In the broader context of the church, there’s also avenues for teaching at youth retreats, camps, or church conferences. It's important work and well worth the time. But these things need to be studied and prepared for in conjunction with a pastor's weekly responsibilities. Sometimes pastors have to help out congregations that don’t currently have a pastor — providing pulpit supply or helping to moderate elder meetings. If conflicts and problems arise he'll need to lend a shepherding hand from a distance.

Personal Work
In addition to all of that there’s personal responsibilities for every pastor. Pastors have to fan into flames the gifts they’ve been given “so that all may see [their] progress” (1 Timothy 4:15). They have to maintain a fervency in spirit and a zeal for the things of God, and continue advancing in knowledge and understanding. That alone is a tall order as the natural inclination of our heart is to grow dull and weary in these things.

They need to watch their lives and doctrine carefully (see 1 Timothy 4:16), manage their marriages and families well, strive to be an example to all believers, and maintain a good reputation with outsiders. Pastors need to continually cultivate those graces that are especially needed for the ministry: faith, knowledge, patience, selflessness, sober-mindedness, purity, perseverance, impartiality, boldness, gentleness, and love. You don't get those graces from passing a test or reading a textbook. Many of them are best learned through "on the job training."

In their week-to-week work pastors should be encouraged to hone any particular skills that they may have that can be useful to the ministry — writing, evangelism, apologetics, blogging, mentoring, music, design, podcasting, etc. These things shouldn't be seen as non-work hobbies to be done in  spare or downtime, but important avenues for a pastor to fulfill his calling.

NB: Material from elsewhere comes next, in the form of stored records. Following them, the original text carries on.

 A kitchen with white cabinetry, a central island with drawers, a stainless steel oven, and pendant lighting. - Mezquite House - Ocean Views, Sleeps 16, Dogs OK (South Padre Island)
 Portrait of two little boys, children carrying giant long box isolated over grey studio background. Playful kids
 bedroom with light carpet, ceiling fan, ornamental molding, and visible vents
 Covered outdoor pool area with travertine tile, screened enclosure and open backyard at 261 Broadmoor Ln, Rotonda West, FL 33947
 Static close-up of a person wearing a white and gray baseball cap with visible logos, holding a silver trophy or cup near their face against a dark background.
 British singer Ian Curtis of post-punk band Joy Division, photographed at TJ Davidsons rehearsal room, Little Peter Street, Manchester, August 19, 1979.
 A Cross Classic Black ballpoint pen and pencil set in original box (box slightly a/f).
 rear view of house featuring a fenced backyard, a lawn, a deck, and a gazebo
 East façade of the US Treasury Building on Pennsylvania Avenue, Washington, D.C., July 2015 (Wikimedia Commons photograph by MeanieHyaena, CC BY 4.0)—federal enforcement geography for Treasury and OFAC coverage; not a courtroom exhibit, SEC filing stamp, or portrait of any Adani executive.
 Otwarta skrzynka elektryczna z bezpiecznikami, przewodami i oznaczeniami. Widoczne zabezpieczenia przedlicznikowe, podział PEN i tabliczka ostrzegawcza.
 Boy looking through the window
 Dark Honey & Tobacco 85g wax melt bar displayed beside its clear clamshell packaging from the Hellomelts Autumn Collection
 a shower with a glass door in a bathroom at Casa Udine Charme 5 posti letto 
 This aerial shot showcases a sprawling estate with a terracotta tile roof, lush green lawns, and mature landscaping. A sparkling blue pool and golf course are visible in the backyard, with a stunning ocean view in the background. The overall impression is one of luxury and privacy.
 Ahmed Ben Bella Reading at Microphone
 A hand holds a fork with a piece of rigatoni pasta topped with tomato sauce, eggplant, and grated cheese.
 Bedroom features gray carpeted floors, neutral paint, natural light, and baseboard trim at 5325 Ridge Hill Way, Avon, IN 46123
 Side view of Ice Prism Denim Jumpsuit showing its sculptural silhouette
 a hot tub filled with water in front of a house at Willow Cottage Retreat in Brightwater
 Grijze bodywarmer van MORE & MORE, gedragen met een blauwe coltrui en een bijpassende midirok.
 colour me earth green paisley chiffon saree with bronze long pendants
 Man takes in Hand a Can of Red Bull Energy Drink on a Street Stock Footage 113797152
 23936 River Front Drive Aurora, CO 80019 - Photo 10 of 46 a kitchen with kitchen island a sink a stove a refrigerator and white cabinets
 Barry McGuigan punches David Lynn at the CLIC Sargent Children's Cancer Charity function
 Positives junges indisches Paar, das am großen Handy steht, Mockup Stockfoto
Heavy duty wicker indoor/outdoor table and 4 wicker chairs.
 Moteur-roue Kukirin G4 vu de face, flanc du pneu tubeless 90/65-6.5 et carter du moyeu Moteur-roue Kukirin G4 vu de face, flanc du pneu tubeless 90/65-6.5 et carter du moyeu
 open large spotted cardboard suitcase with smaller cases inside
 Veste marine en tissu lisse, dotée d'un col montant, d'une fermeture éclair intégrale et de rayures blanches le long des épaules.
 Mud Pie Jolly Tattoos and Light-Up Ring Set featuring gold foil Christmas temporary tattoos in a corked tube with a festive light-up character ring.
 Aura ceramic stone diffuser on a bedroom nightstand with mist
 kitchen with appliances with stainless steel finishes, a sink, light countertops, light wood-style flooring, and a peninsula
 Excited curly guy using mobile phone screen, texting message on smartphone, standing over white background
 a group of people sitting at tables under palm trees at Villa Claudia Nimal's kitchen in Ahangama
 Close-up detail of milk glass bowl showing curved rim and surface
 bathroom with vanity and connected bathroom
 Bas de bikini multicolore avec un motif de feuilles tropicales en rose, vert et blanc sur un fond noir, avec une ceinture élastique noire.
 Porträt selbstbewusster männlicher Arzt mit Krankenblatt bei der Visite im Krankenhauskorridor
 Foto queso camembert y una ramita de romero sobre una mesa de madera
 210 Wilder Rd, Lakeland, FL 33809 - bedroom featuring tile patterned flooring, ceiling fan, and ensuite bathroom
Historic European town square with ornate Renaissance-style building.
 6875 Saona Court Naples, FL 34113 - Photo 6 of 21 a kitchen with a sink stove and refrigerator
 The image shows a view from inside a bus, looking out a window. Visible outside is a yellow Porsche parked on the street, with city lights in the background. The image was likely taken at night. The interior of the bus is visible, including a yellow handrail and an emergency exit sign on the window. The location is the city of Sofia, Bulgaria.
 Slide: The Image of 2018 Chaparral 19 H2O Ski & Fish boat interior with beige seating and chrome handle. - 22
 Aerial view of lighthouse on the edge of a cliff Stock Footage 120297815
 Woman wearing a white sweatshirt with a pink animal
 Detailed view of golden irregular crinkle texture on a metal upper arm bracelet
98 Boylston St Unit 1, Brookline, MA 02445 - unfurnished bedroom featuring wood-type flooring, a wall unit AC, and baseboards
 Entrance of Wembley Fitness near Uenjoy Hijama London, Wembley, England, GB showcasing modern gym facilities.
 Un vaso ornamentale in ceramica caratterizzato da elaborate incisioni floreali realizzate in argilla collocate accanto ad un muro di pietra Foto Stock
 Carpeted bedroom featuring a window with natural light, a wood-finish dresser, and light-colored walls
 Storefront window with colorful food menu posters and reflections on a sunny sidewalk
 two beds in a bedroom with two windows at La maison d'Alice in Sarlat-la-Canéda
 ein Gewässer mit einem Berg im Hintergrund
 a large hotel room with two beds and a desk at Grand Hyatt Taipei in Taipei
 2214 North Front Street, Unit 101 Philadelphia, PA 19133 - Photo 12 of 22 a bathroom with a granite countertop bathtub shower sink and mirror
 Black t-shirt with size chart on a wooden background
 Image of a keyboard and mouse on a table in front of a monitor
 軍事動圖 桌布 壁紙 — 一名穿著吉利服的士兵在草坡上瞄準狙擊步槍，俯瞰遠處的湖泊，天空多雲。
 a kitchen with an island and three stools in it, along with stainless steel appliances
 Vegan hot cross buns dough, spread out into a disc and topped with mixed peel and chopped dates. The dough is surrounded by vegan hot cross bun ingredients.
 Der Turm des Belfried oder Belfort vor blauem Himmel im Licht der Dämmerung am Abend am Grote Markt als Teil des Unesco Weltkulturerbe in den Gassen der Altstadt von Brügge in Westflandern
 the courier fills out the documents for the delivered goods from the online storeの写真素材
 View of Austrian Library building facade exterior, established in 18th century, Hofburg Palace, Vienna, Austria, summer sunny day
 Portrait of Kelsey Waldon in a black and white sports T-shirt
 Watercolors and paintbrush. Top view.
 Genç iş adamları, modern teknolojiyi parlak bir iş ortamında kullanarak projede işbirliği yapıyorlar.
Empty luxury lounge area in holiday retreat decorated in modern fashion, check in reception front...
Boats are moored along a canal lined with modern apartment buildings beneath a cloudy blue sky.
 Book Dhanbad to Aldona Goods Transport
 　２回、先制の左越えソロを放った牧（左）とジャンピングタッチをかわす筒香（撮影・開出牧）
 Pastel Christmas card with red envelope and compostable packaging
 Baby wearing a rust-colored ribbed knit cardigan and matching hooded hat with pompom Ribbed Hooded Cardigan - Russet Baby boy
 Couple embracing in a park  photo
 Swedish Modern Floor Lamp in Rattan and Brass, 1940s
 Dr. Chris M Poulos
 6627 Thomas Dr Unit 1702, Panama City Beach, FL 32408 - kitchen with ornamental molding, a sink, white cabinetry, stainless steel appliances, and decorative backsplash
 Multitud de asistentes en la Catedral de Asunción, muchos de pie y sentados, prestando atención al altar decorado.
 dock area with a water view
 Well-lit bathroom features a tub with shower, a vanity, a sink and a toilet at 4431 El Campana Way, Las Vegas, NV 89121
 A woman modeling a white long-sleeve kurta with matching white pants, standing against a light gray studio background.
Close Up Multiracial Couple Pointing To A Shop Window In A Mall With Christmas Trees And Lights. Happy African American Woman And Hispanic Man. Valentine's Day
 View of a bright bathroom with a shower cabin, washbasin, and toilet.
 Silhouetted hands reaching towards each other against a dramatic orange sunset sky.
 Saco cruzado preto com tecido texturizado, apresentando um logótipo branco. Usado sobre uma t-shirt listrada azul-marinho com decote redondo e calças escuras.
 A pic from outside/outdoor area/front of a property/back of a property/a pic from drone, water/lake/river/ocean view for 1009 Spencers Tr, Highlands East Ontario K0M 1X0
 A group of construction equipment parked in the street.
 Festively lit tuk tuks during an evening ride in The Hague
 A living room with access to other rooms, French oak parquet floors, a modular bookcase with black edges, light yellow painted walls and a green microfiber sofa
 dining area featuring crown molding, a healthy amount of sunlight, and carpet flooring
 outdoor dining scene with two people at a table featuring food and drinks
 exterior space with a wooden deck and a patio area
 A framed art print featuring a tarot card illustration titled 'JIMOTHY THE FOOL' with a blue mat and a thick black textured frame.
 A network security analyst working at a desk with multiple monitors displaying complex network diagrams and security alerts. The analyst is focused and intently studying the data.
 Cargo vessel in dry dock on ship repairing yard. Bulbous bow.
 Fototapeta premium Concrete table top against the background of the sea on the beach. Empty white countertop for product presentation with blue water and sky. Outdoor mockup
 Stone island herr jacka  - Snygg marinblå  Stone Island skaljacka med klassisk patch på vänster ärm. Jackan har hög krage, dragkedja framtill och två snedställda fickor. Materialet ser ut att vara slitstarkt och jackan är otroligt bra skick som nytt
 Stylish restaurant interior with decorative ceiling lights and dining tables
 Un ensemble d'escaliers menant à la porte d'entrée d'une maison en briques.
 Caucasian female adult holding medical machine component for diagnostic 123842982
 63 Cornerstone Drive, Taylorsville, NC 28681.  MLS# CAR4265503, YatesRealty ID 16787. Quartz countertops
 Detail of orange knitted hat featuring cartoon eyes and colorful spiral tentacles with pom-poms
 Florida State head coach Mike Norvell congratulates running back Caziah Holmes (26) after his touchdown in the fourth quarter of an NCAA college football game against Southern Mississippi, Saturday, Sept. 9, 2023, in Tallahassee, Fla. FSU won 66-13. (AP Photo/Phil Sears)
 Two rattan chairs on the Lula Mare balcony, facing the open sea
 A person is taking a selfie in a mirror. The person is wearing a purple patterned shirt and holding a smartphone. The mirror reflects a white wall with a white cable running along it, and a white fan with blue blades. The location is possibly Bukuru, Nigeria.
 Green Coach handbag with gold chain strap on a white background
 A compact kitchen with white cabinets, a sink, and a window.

All  of this is what a pastor does when he is, to borrow the expression, on the clock. Statistically some say the average American works 40.5 hours a week. Judging from the people I know and interact with I imagine it's not hard to fill those hours quickly. Well, to be blunt, neither is it difficult for a pastor to fill the work week. There's a lot that needs to be done for gospel ministry, the to-do list is often never ending, and many pastors I know live under constant low-grade guilt for the things that remain unattended to. But it's the greatest joy and privilege of every pastor to spend and be spent for the sake of Jesus Christ. What's your pastor do? He does his best to present himself to God as one approved, a worker who has no need to be ashamed (2 Timothy 2:15).